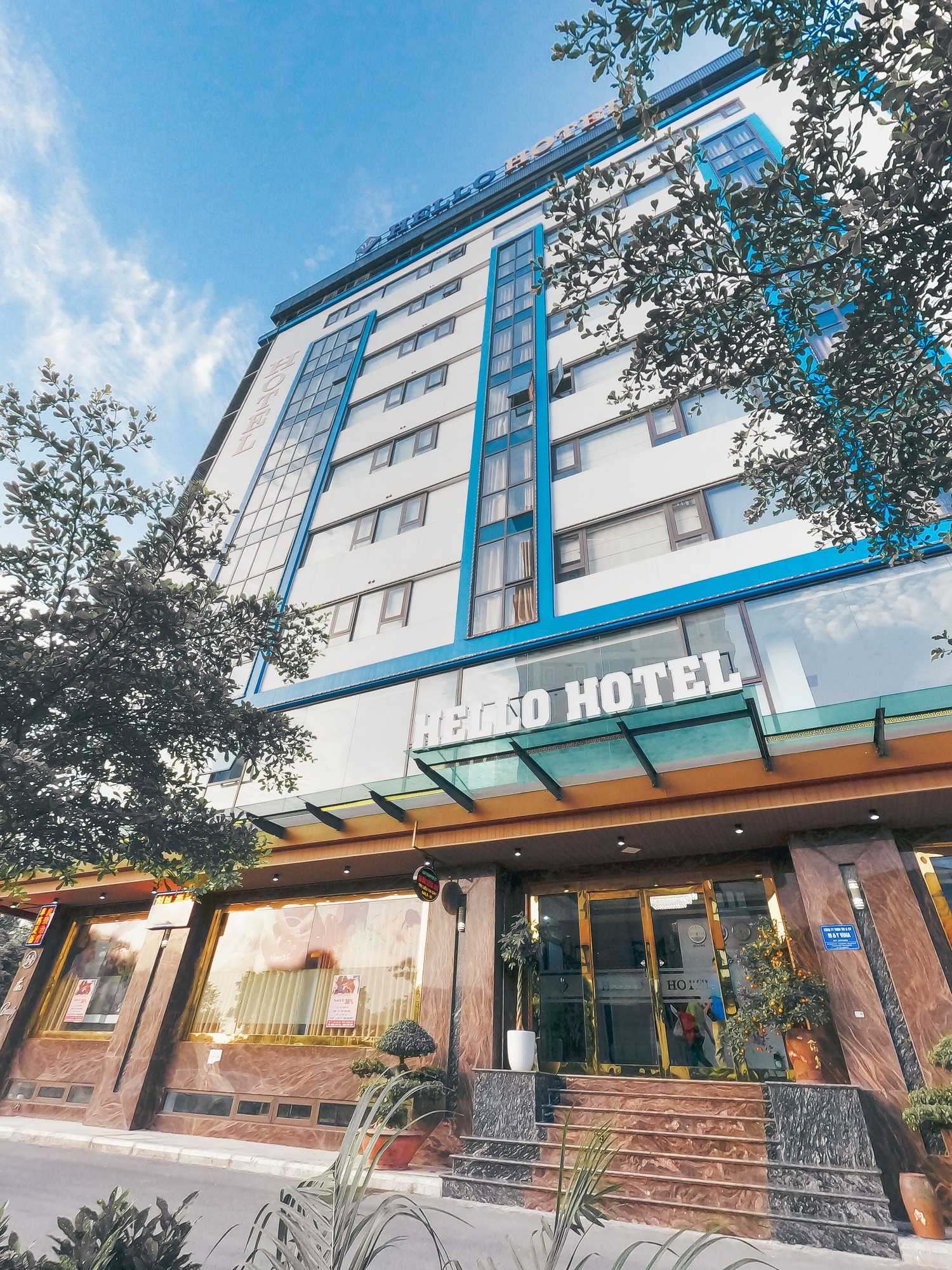 Gift card for Hello Hotel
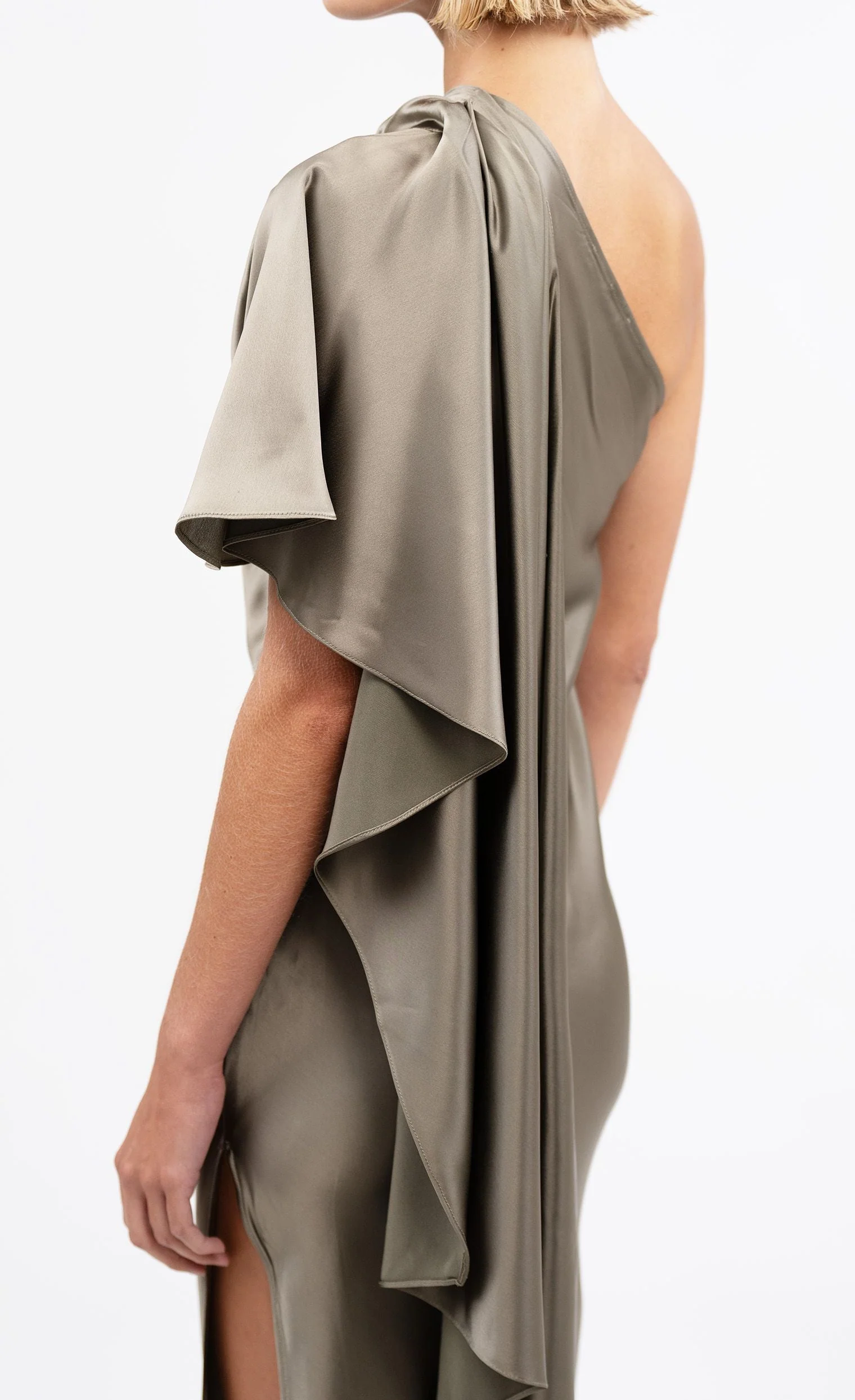 Nonchalant Label Lovell Dress - Moss - Image 4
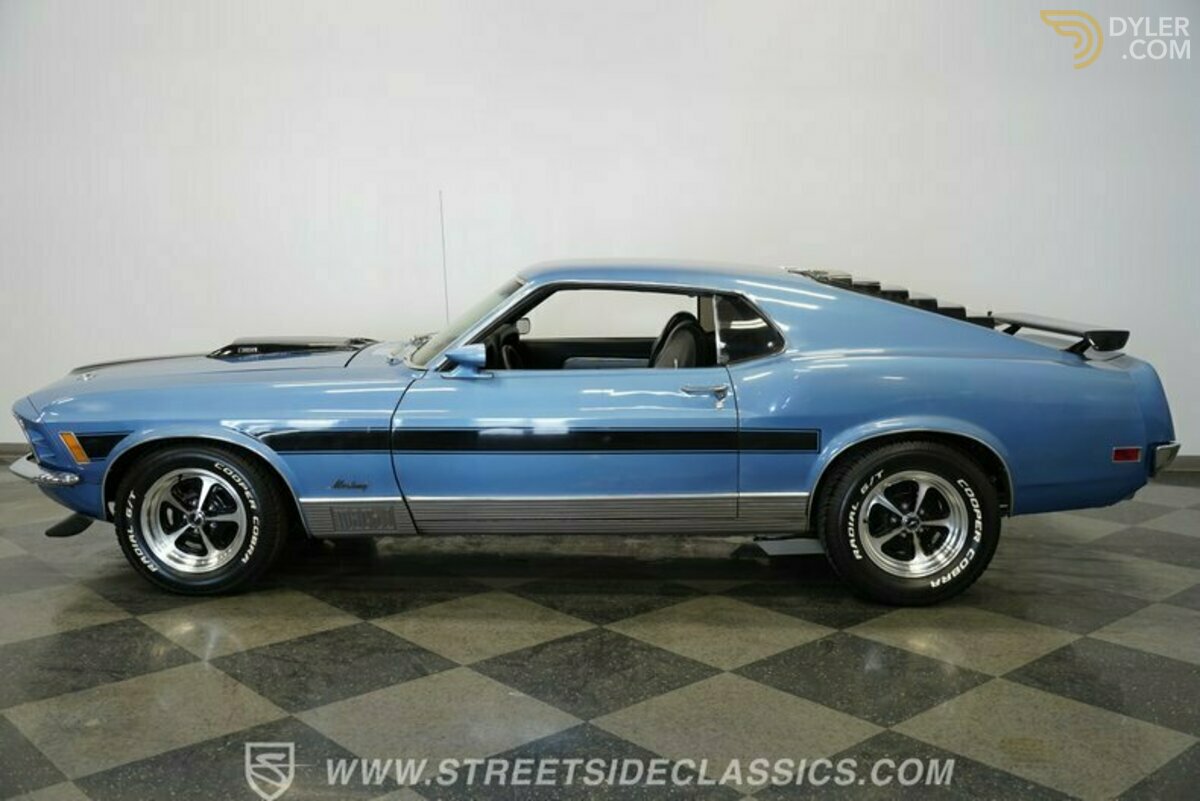 1970 Ford Mustang Mach 1, foto 8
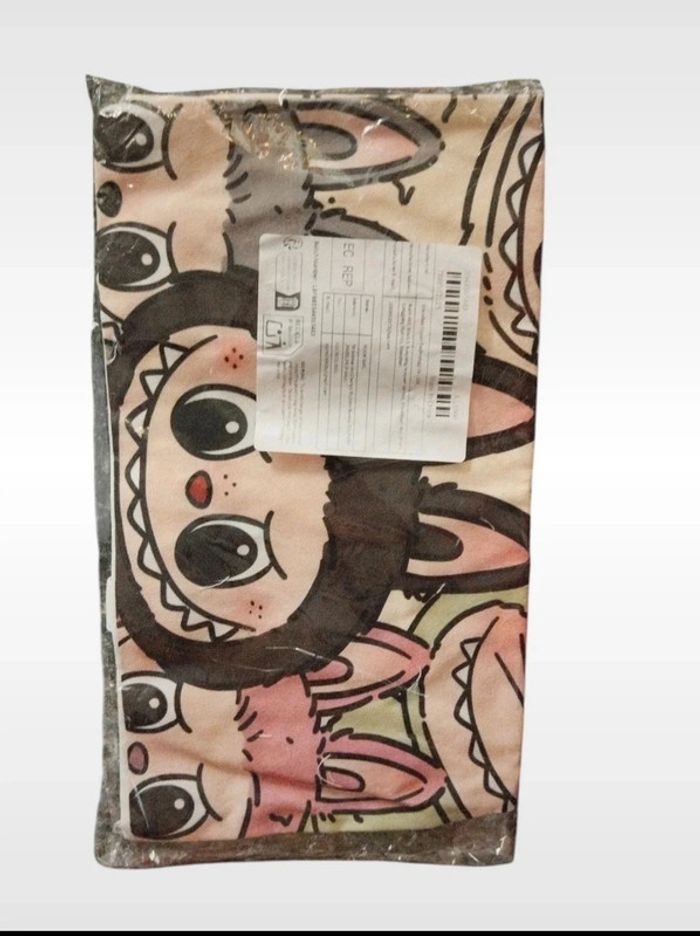 Tote bag sac cabas Labubu - photo numéro 2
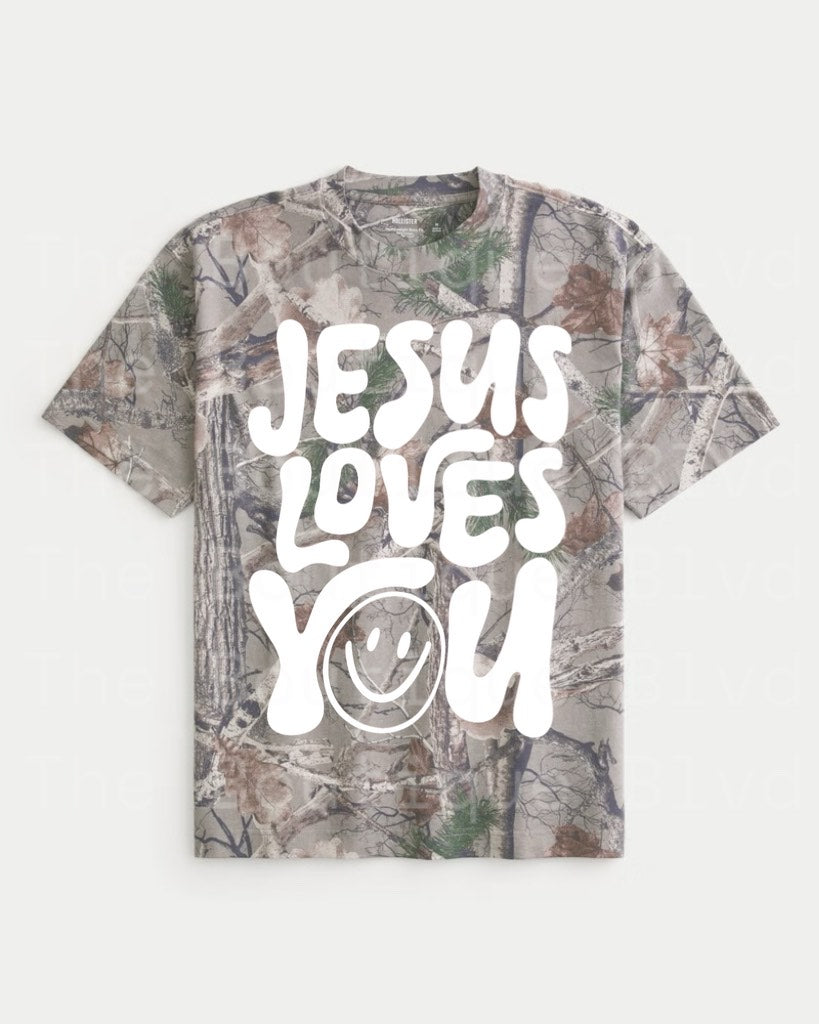 EXCLUSIVE CAMO TEE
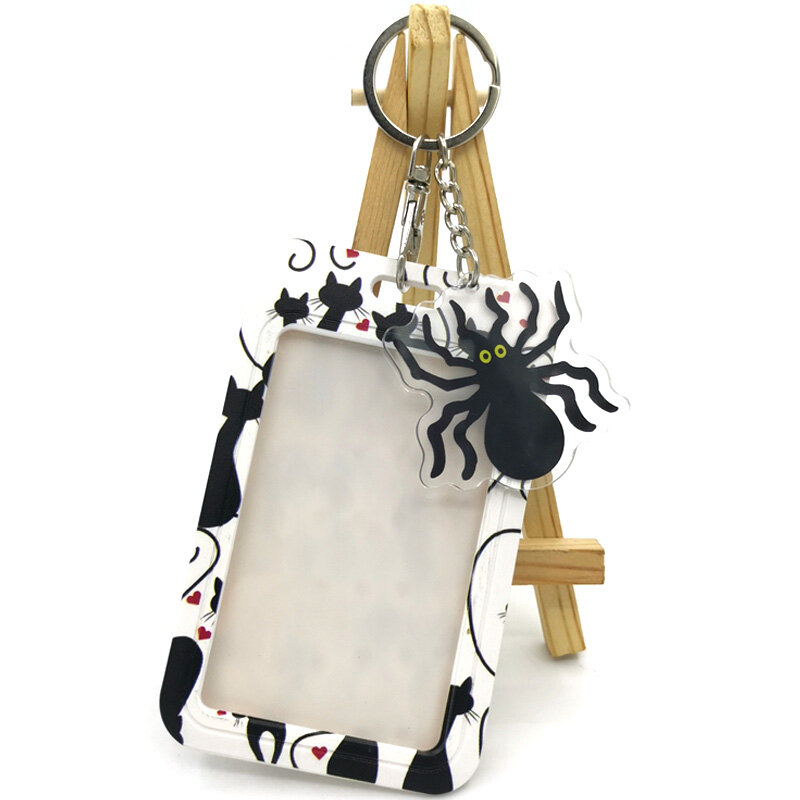 Spider cats key chain fashion key chain bag key chain jewelry key chain Trinket key chain accessories
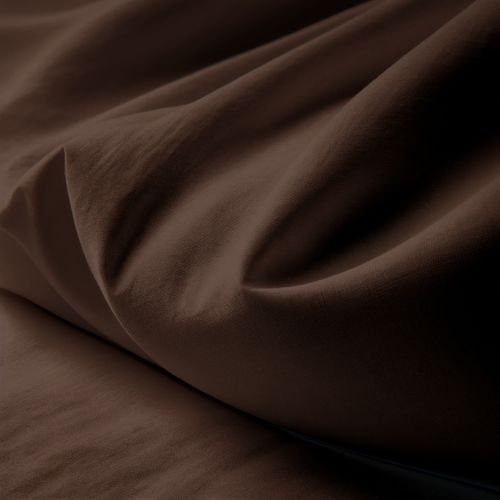 Housse de couette coton TERTIO® Chocolat - 140 X 200 cm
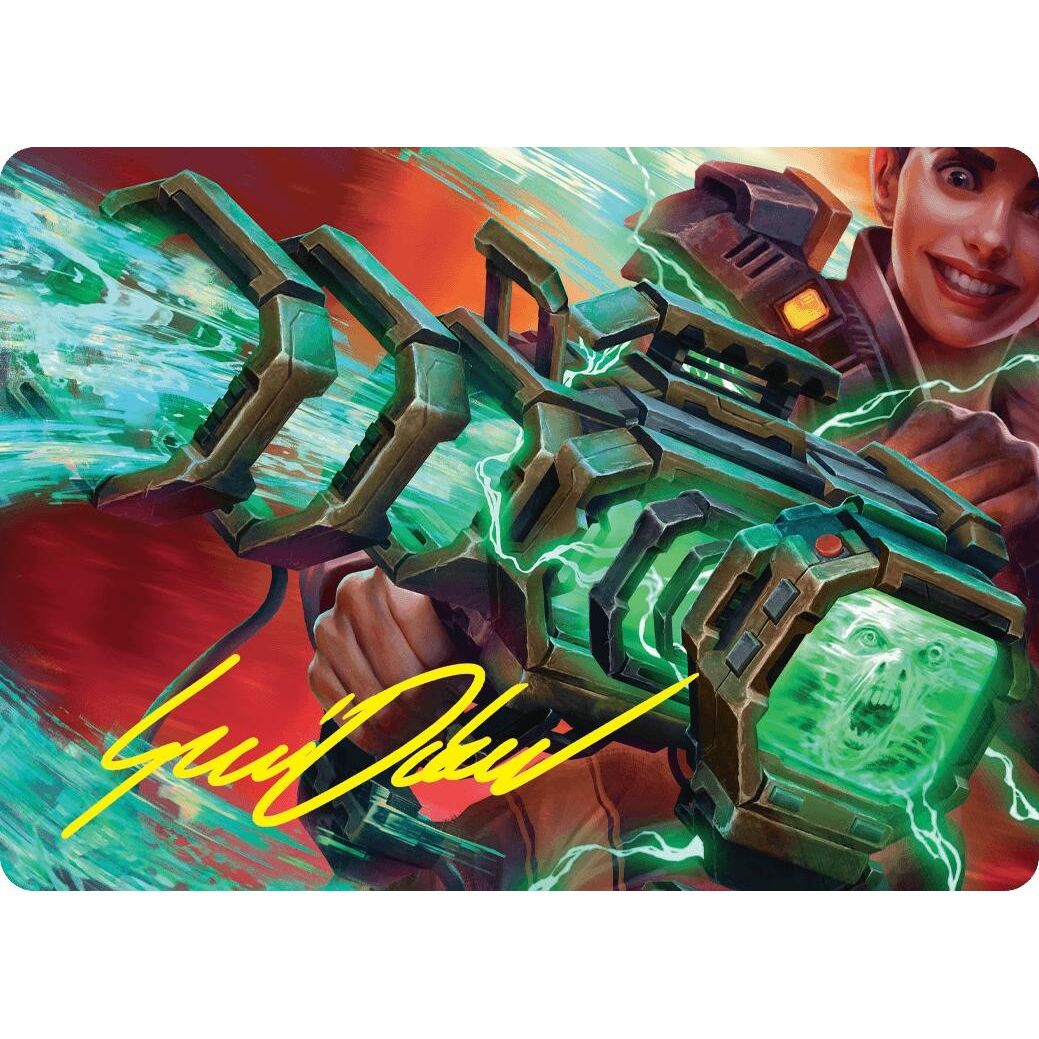 Image for Ghost Vacuum Art Card (Gold-Stamped Signature) (25) (ASDSK) - Magic: The Gathering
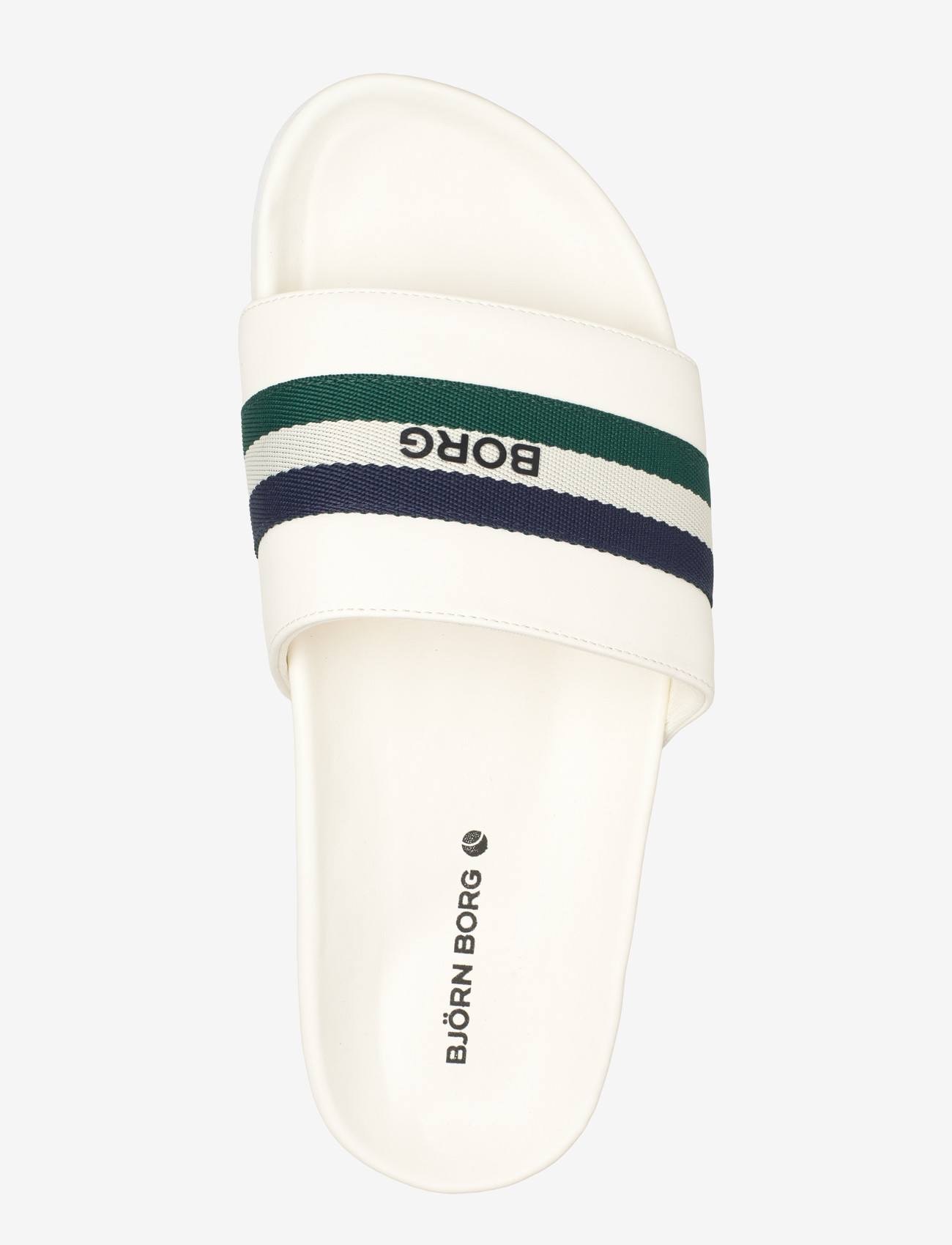 Björn Borg - HERITAGE - badtofflor - white - 3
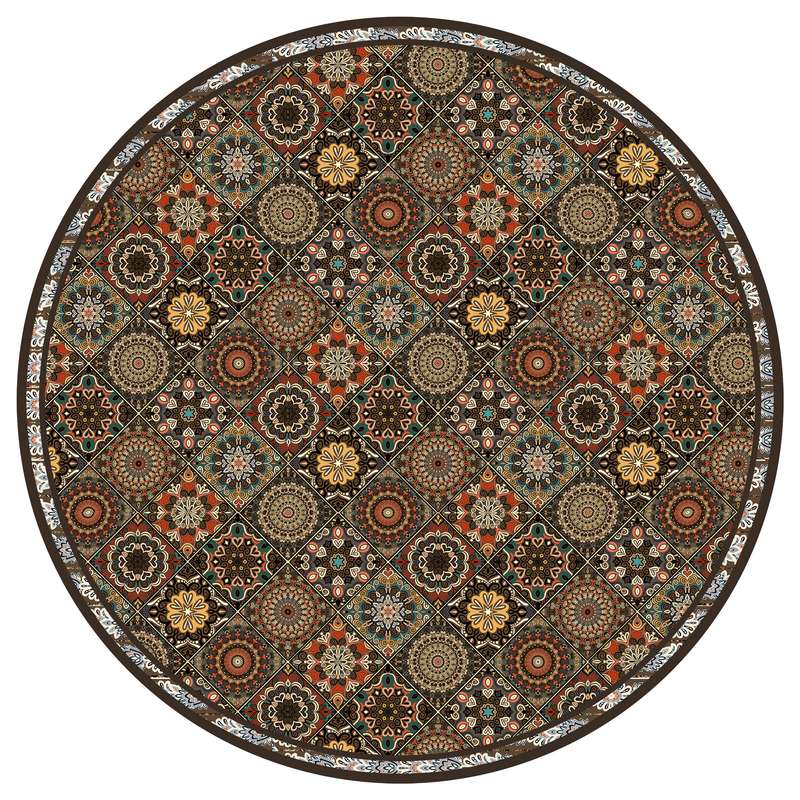 رومیزی طرح اسلیمی کد 971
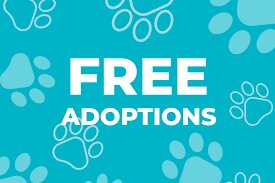 Free adoptions
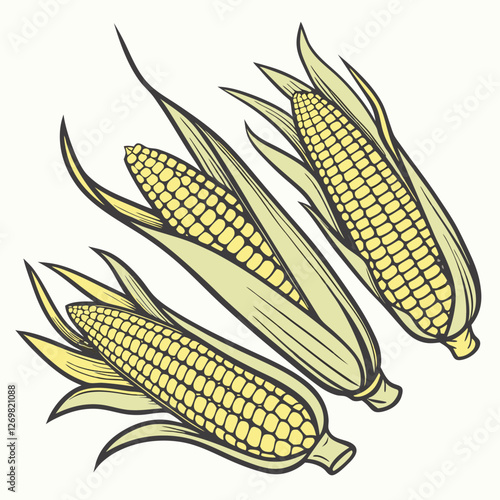 corn on the cobs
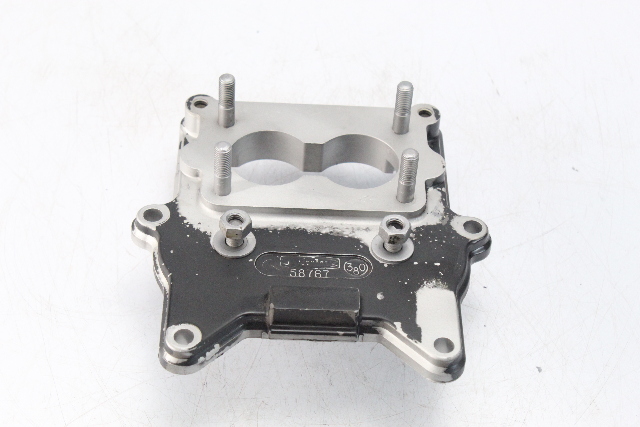 63502A2 58767 55885 Mercruiser 1975-78 Carburetor Adaptor & Adaptor Baffle 165HP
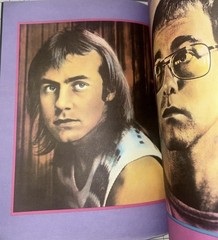 Elton John Don’t Shoot Me I’m Only The Piano Player Songbook 1973 Vintage Piano
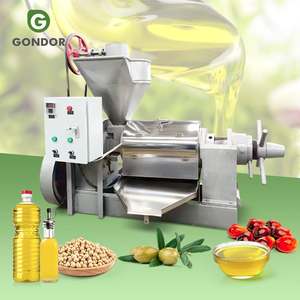 Máquina Extrusora de Prensado en Frío para Aceite de Coco Virgen, Aceite de Soya, Aceite de Nuez de Caqui y Aceite de Oliva Filipino - Product Image 1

> [What needs to be done]:
Copy exactly, and only, the lines from the line containing "Image for Ghost" through the final line of the material above, with no pictures.

> [Written reply]:
 Image for Ghost Vacuum Art Card (Gold-Stamped Signature) (25) (ASDSK) - Magic: The Gathering
 Björn Borg - HERITAGE - badtofflor - white - 3
 رومیزی طرح اسلیمی کد 971
 Free adoptions
 corn on the cobs
 63502A2 58767 55885 Mercruiser 1975-78 Carburetor Adaptor & Adaptor Baffle 165HP
 Elton John Don’t Shoot Me I’m Only The Piano Player Songbook 1973 Vintage Piano
 Máquina Extrusora de Prensado en Frío para Aceite de Coco Virgen, Aceite de Soya, Aceite de Nuez de Caqui y Aceite de Oliva Filipino - Product Image 1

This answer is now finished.